Engineers at Lithuania's Soviet-built nuclear power plant have shut down a Soviet-build nuclear reactor as part of an agreement with the European Union, which considers the Chernobyl-type machine unsafe.
The Ignalina nuclear plant in the town of Visaginas ceased producing electricity at one hour before midnight local time (2100 GMT) on Thursday.
The shutdown has been greeted with anguish across Lithuania, as the recession-hit country will lose a source of cheap electricity and be forced to import more expensive energy.
The last working reactor, ordered closed by the EU because it is considered too similar to the one that exploded at Chernobyl in 1986, boasts a capacity of 1,320 megawatts, making it one of the largest nuclear reactors in the world.
Lithuania, one of the two most nuclear-energy dependent nations along with France, had been hoping that the EU would allow it to keep the plant open for another two to three years, but Brussels, which demanded the reactor's shutdown as part of Lithuania's membership agreement, flatly refused.

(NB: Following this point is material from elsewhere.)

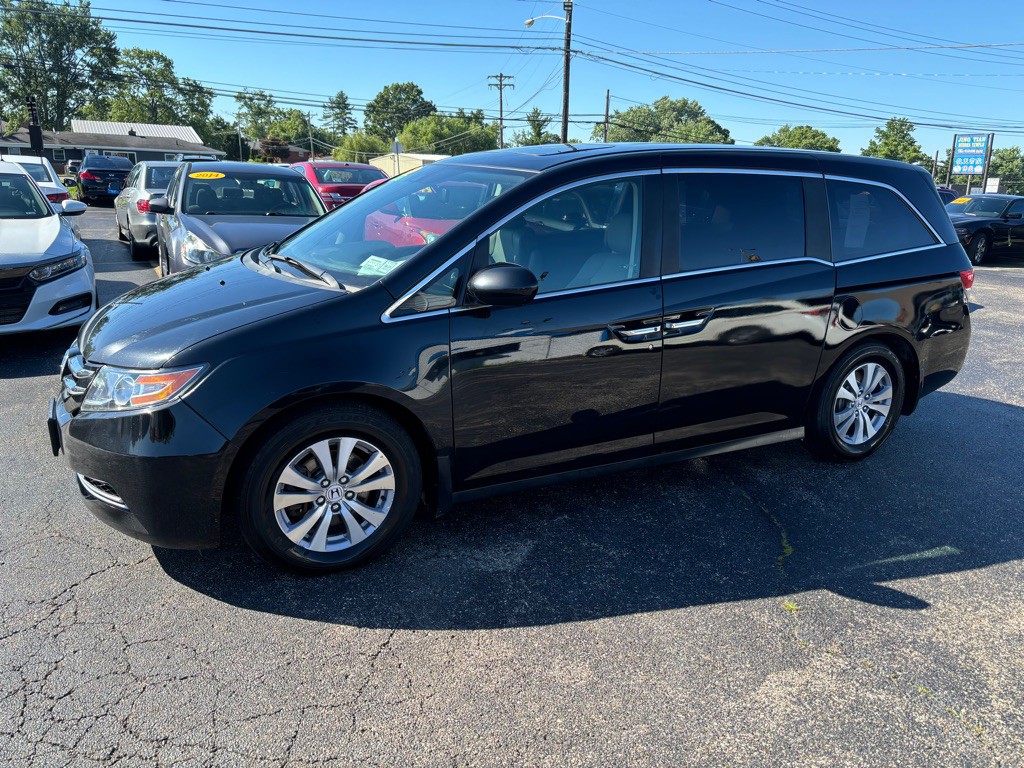 2015 Honda Odyssey Image 1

The Ignalina plant supplied over 70 per cent of Lithuania's electricity needs, only France receives more of its kilowatt needs from nuclear power.
Open market
The Baltic nation of 3.4 million people will cover the shortfall by buying power on the open market from Estonia, Belarus, Ukraine and Russia.
By 2013, Lithuania hopes to build a new natural-gas power plant, but that would not be enough to meet its own energy needs.
Many Lithuanians are worried that they will become dependent on Russian gas supplies, which they fear may stop without warning given Russia's snap decisions in the past to shut off supplies to Ukraine.
However, Andrius Kubilius, the prime minister, does not share the view.
"Lithuania could have done its homework better preparing for the closure, but it won't be left without energy next year. I believe our country, together with its Baltic neighbours, will have an energy market similar to the Nordic countries and other EU regions," he told Lithuanian Radio.